Un calendrier trop serré

« Qui va financer cet établissement pour qu’il fournisse les mêmes services, une fois disparu le financement de la Ligue ? L’État belge, Bruxelles ? Rien n’est dit. » La commission veut ouvrir le lieu de culte à toutes les branches de l’islam pour créer « un islam belge ». Du pur angélisme, selon lui. « Pour gérer cette nouvelle mosquée, Riyad va pousser des gens qui lui sont loyaux à la direction de l’établissement. Les musulmans pas plus que l’État belge ne vont rien y gagner », affirme-t-il. Il regrette aussi que le gouvernement ne l’ait pas davantage écouté quand il était au cabinet du commissaire royal à la Politique migratoire.

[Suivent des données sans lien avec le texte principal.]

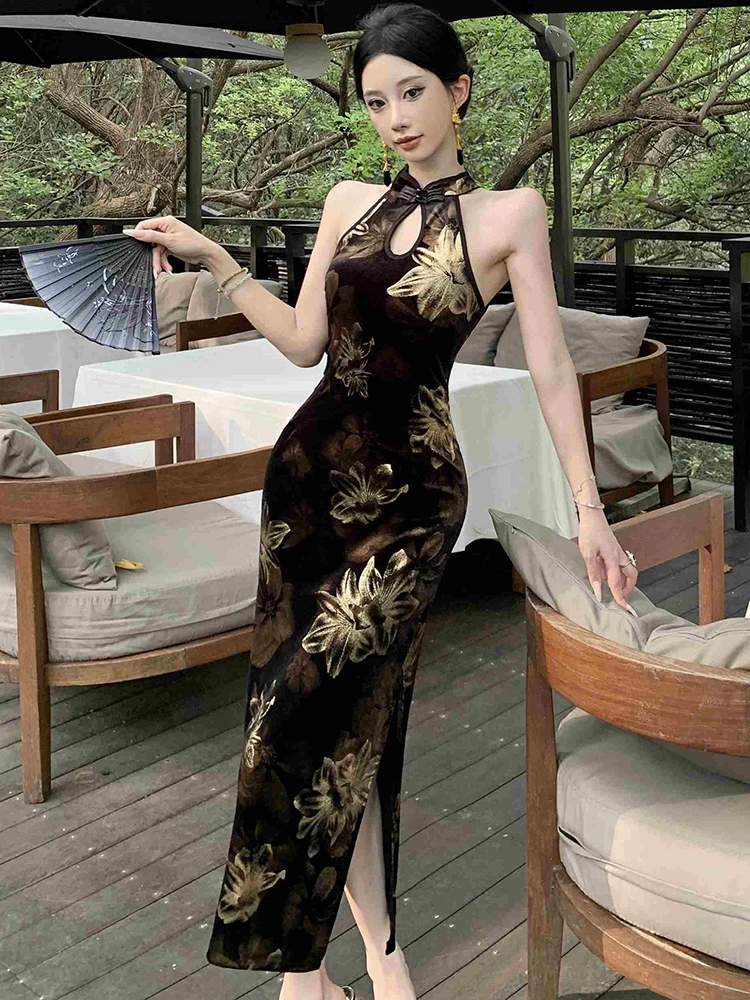 Autumn Black Floral Chic Neck-mounted Sexy Long Dress Women Luxury Elegant Dress Gown 2024 Korean Vintage Bodycon Evening Dress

En 1989, le cabinet avait produit un rapport pointant les problèmes d’intégration posés par la Grande Mosquée. « À l’époque, l’affaire a été considérée comme trop sensible. » Aujourd’hui, Johan Leman s’attend au pire. Les prochaines élections fédérales sont dans moins de deux ans. Et, d’ici là, la rupture de cette convention, devenue symbolique après les attentats, doit être réalisée alors que Riyad est en position de force dans ces négociations face à des responsables belges pressés par le calendrier politique.